CORMORANTS AT ST. JAMES’S PARK


CHAPTER X

NORTH-WEST AND NORTH LONDON

Open spaces on the border of West London—The Scrubs, Old Oak Common, and Kensal Green Cemetery—North-west district—Paddington Recreation Ground, Kilburn Park, and adjoining open spaces—Regent’s Park described—Attractive to birds, but not safe—Hampstead Heath: its character and bird life—The ponds—A pair of moorhens—An improvement suggested—North London districts—Highgate Woods, Churchyard Bottom Wood, Waterlow Park, and Highgate Cemetery—Finsbury Park—A paradise of thrushes—Clissold Park and Abney Park Cemetery.

Before proceeding to give a brief account of the parks and open spaces of North-west and North London it is necessary to mention here a group of open spaces just within the West district, on its northern border, a mile and a half to two miles north of Ravenscourt Park. These are Wormwood Scrubs, Little Wormwood Scrubs, Old Oak Common, and Kensal Green Cemetery. As they contain altogether not far short of three hundred acres, and are in close proximity, they might in time have been thrown into one park. A large open space will be sadly needed in that part of London before many years are passed, and it is certain that West London cannot go on burying its dead much longer at Kensal Green.

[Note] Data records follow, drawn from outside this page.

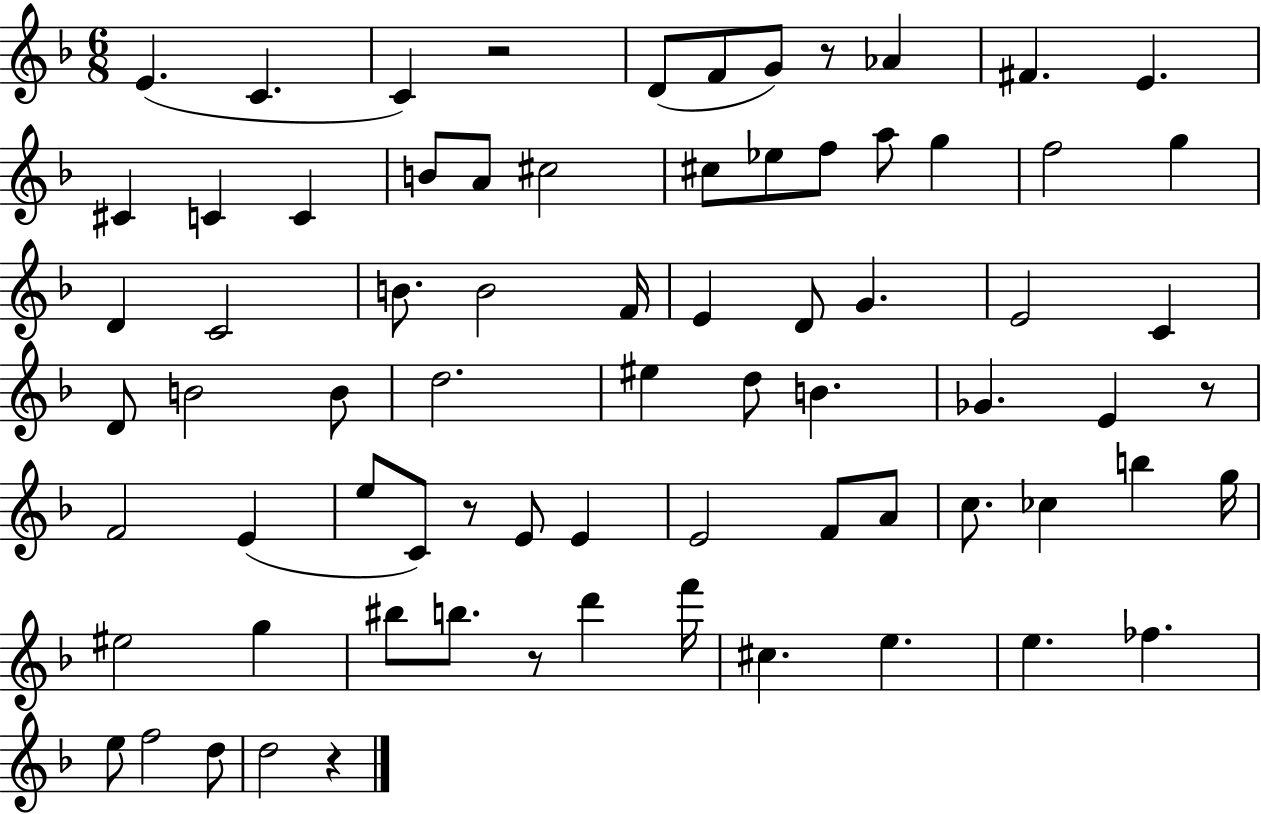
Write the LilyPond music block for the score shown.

{
  \clef treble
  \numericTimeSignature
  \time 6/8
  \key f \major
  \repeat volta 2 { e'4.( c'4. | c'4) r2 | d'8( f'8 g'8) r8 aes'4 | fis'4. e'4. | \break cis'4 c'4 c'4 | b'8 a'8 cis''2 | cis''8 ees''8 f''8 a''8 g''4 | f''2 g''4 | \break d'4 c'2 | b'8. b'2 f'16 | e'4 d'8 g'4. | e'2 c'4 | \break d'8 b'2 b'8 | d''2. | eis''4 d''8 b'4. | ges'4. e'4 r8 | \break f'2 e'4( | e''8 c'8) r8 e'8 e'4 | e'2 f'8 a'8 | c''8. ces''4 b''4 g''16 | \break eis''2 g''4 | bis''8 b''8. r8 d'''4 f'''16 | cis''4. e''4. | e''4. fes''4. | \break e''8 f''2 d''8 | d''2 r4 | } \bar "|."
} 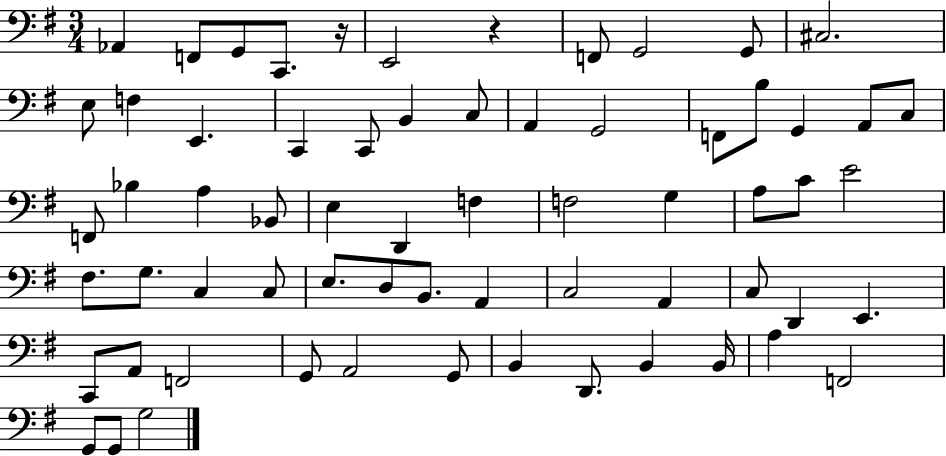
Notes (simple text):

Ab2/q F2/e G2/e C2/e. R/s E2/h R/q F2/e G2/h G2/e C#3/h. E3/e F3/q E2/q. C2/q C2/e B2/q C3/e A2/q G2/h F2/e B3/e G2/q A2/e C3/e F2/e Bb3/q A3/q Bb2/e E3/q D2/q F3/q F3/h G3/q A3/e C4/e E4/h F#3/e. G3/e. C3/q C3/e E3/e. D3/e B2/e. A2/q C3/h A2/q C3/e D2/q E2/q. C2/e A2/e F2/h G2/e A2/h G2/e B2/q D2/e. B2/q B2/s A3/q F2/h G2/e G2/e G3/h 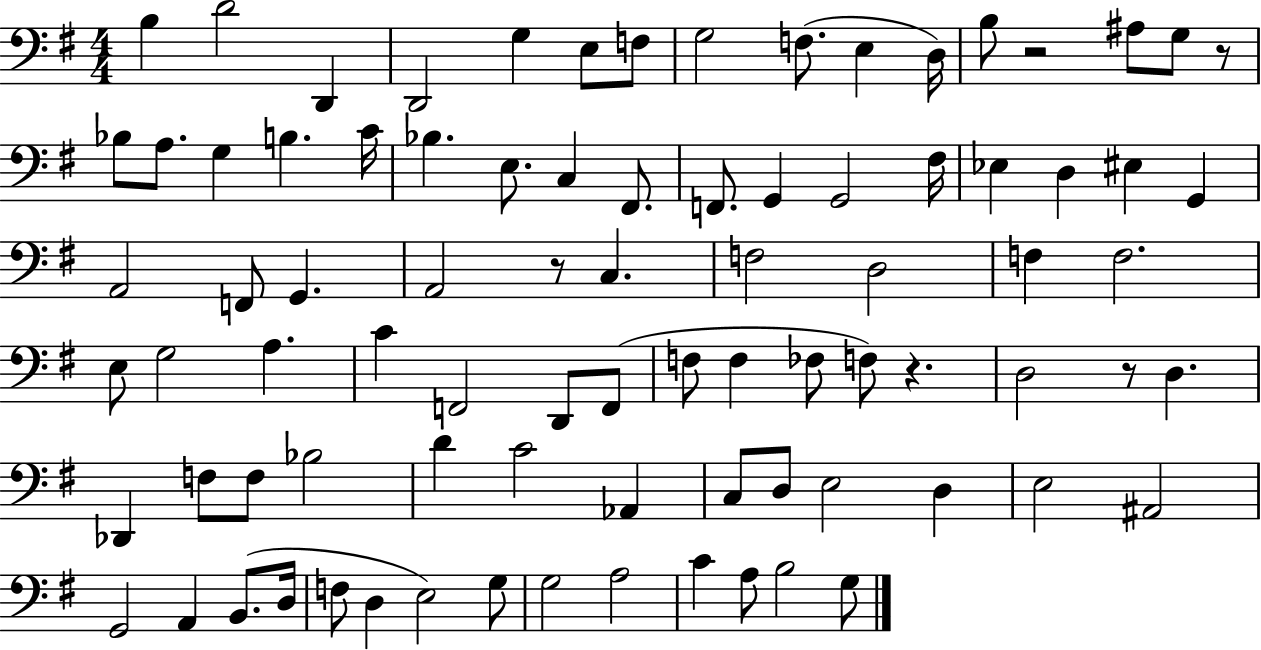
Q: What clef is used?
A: bass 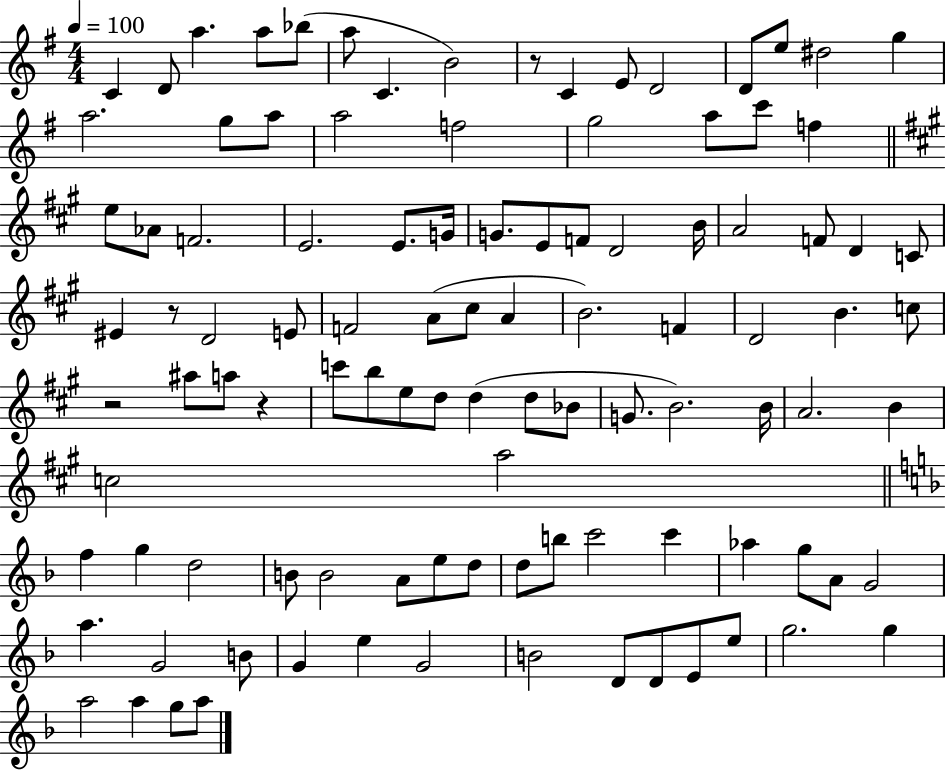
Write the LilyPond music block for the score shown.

{
  \clef treble
  \numericTimeSignature
  \time 4/4
  \key g \major
  \tempo 4 = 100
  c'4 d'8 a''4. a''8 bes''8( | a''8 c'4. b'2) | r8 c'4 e'8 d'2 | d'8 e''8 dis''2 g''4 | \break a''2. g''8 a''8 | a''2 f''2 | g''2 a''8 c'''8 f''4 | \bar "||" \break \key a \major e''8 aes'8 f'2. | e'2. e'8. g'16 | g'8. e'8 f'8 d'2 b'16 | a'2 f'8 d'4 c'8 | \break eis'4 r8 d'2 e'8 | f'2 a'8( cis''8 a'4 | b'2.) f'4 | d'2 b'4. c''8 | \break r2 ais''8 a''8 r4 | c'''8 b''8 e''8 d''8 d''4( d''8 bes'8 | g'8. b'2.) b'16 | a'2. b'4 | \break c''2 a''2 | \bar "||" \break \key f \major f''4 g''4 d''2 | b'8 b'2 a'8 e''8 d''8 | d''8 b''8 c'''2 c'''4 | aes''4 g''8 a'8 g'2 | \break a''4. g'2 b'8 | g'4 e''4 g'2 | b'2 d'8 d'8 e'8 e''8 | g''2. g''4 | \break a''2 a''4 g''8 a''8 | \bar "|."
} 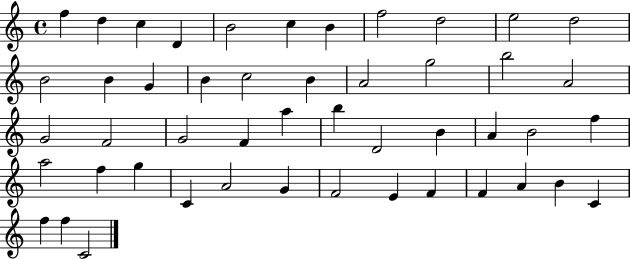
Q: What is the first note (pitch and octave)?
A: F5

But it is to be feared that the usual short-sighted policy will prevail with regard to these spaces, and a good deal of the space known as Old Oak Common has already been enclosed with barbed-wire fences, and it is now said that the commoners’ rights in this space have been extinguished.

Beyond these spaces are Acton and Harlesden—a district where town and country mix.